Do you know there are children who have lived all their lives in gutters, in sewer pipes, or other unimaginable places? Children who sleep on cardboard, who sniff glue to numb their pain, who never cry, who fear anyone who tries to help because they have learned to trust no one?
A doctor who has worked for years among these invisible children wrote, “The longer children live on the streets, the more they realize the meaninglessness of words.”* Read this quote again because it is so foreign to most of us that we need repetition for it to sink in.
For these millions—yes, millions—of children in cities around the world, words like “home,” “family,” “mother,” “father,” “love,” and “hope” are concepts that mean nothing. They have never known home or family as it was intended. They are hungry, abused, neglected … and they often die alone.
Home is the birthplace of meaning.
Therefore your “place” … your home … matters immensely. That’s good to remember when you look around your home and you feel everything is messy … or you wish it was larger or more modern and up to date.
As I imagine these sad children I can’t help but see my home in a completely different light. I don’t like Cheerios under foot, but homeless children make me grateful my children (and now grandchildren) have a real floor and plenty of food to eat.
Place matters.
In the story of creation it is written, “the Lord God planted a garden toward the east in Eden; and there He placed the man whom He had formed” (Genesis 2:8, NASB). Of all the geographic options on the globe, God chose one spot as home for Adam and Eve. Eden was a specified place with borders. We know this because after they sinned God drove them out from that place and stationed cherubim on guard so they couldn’t get back in.

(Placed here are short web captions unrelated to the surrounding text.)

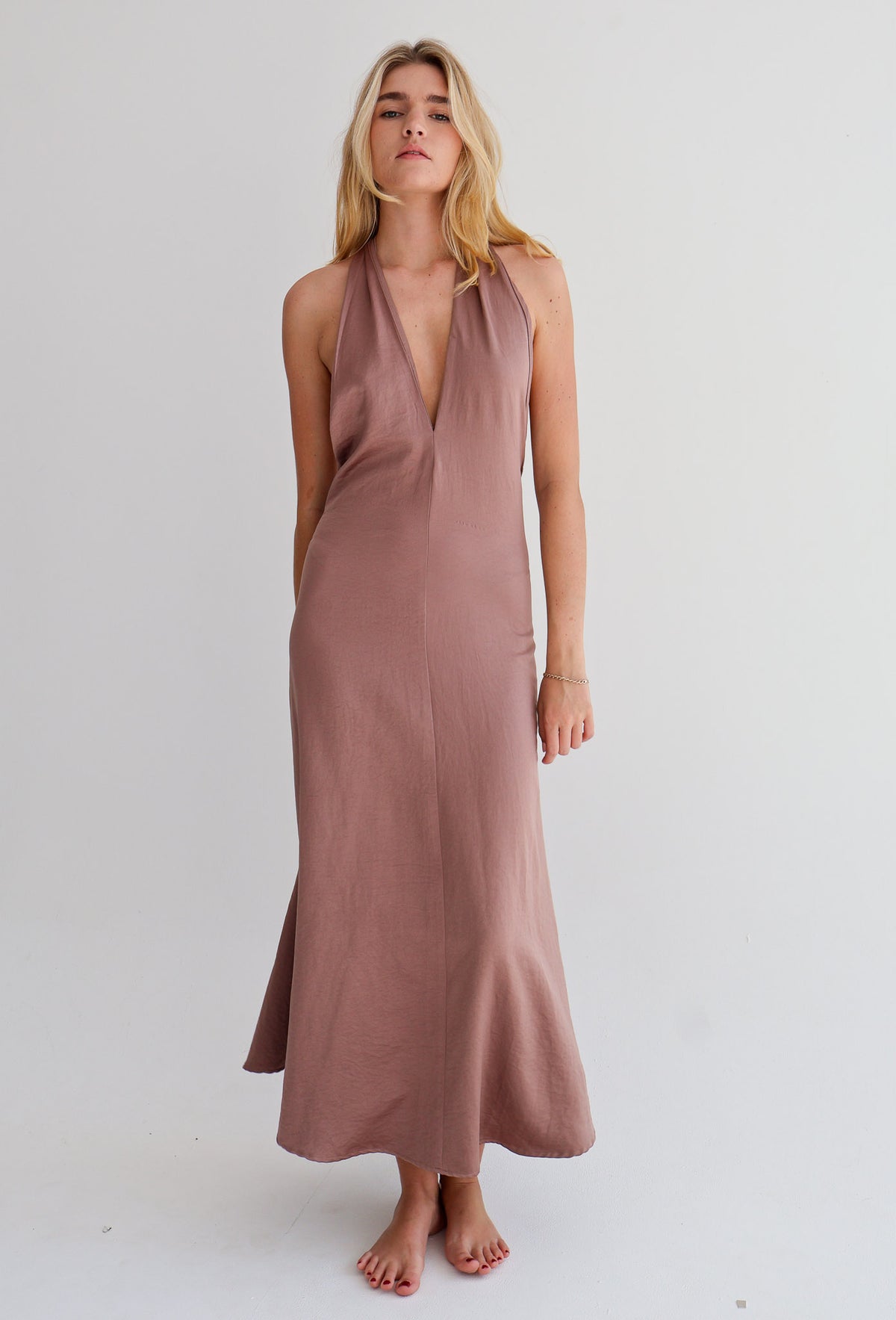 Brown Tie Top Dress
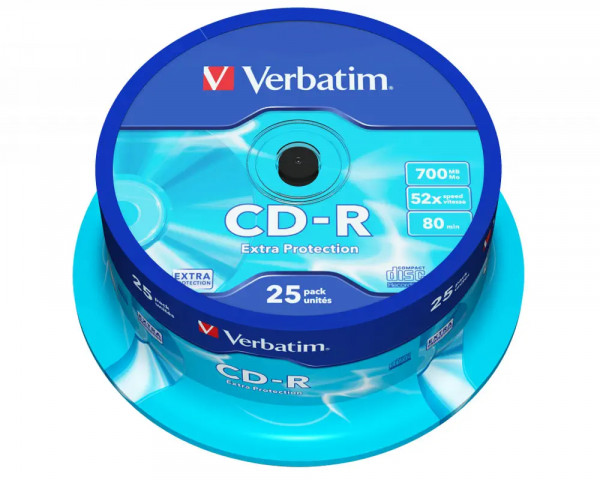 25 Verbatim CD-R Rohlinge in Spindel Extra Protection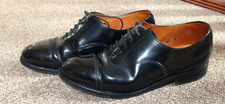 Tecnic Military Officer England Dress Shoes Size 6 Leather Soles Ex Condition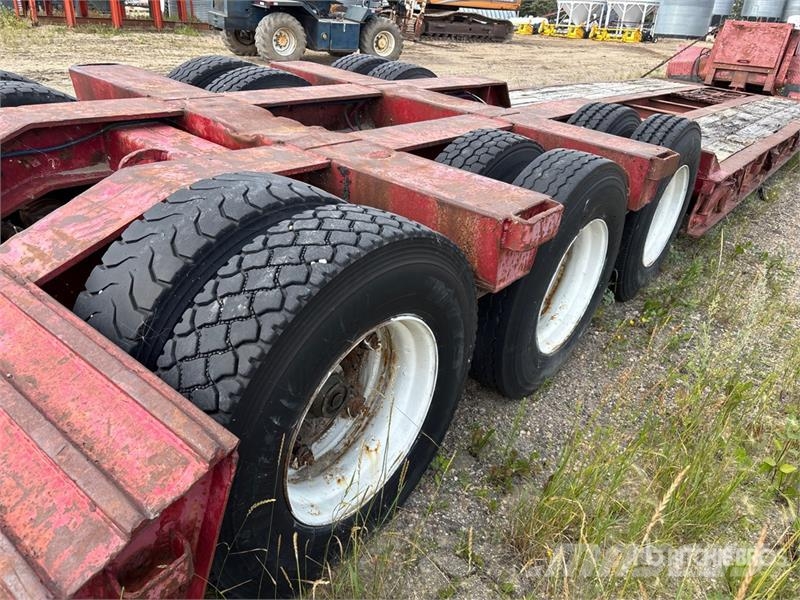 King Truck Tri/A Lowboy Trailer لوادر منخفضة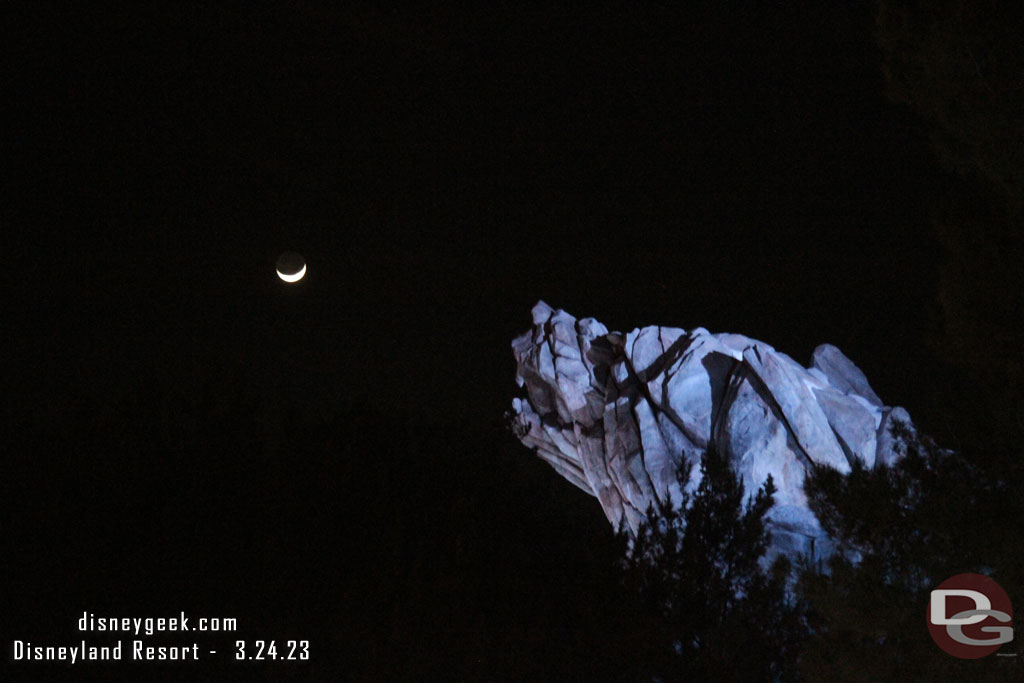 The moon above Grizzly Peak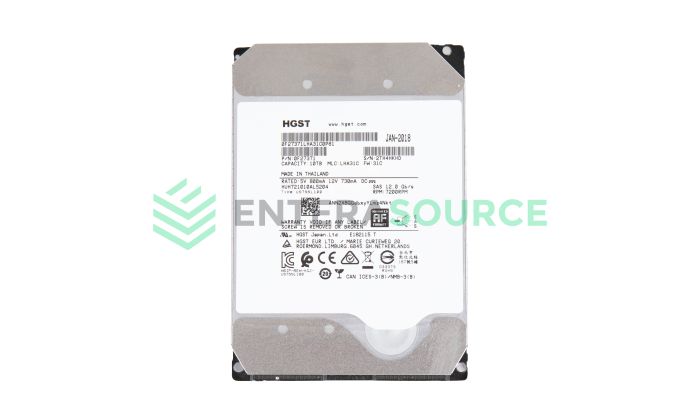 HGST HUH721010AL5204 10TB 7.2K SAS 3.5" 12Gbps Hard Drive Base View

Home as a place was also a significant theme in Jesus’ last words to His disciples before He went to the cross. As He talked to them about His coming departure He described their future home: “In my Father’s house are many dwelling places; if it were not so I would have told you; for I go to prepare a place for you,” (John 14:2, NASB).
As intended, these words of Jesus impart great hope and comfort. Think about God having a house and you’re invited to live there with Him! All for me? I feel loved and cared for at the sound of “a place for you.” Do you, too?
Our experience of home and place today is a preparation for a better home in the future. Living in a structure we call home, even a less than ideal one, gives definition to the concept of a future home in heaven.
Intuitively even neglected street children understand place as they form small units of belonging and find familiar corners where they return day after day for shelter.
Having a place to come home to, a place to belong, gives value to your life and to your children’s. A place that is ours draws us back like a magnet. It doesn’t matter how big or small, fancy or plain; a tiny apartment in New York City, a tin shack in Africa, or an upper middle class “mansion.”
What matters is that your children and you have a home and each other. When we moms understand the unseen value of home we worry less about how clean or up-to-date our place of residence is.
Home is the birthplace of meaning. In the places God gives us each to live He calls us to create stability, encourage peace, foster growth, teach values, model grace and forgiveness, and most of all encounter and experience the living Christ.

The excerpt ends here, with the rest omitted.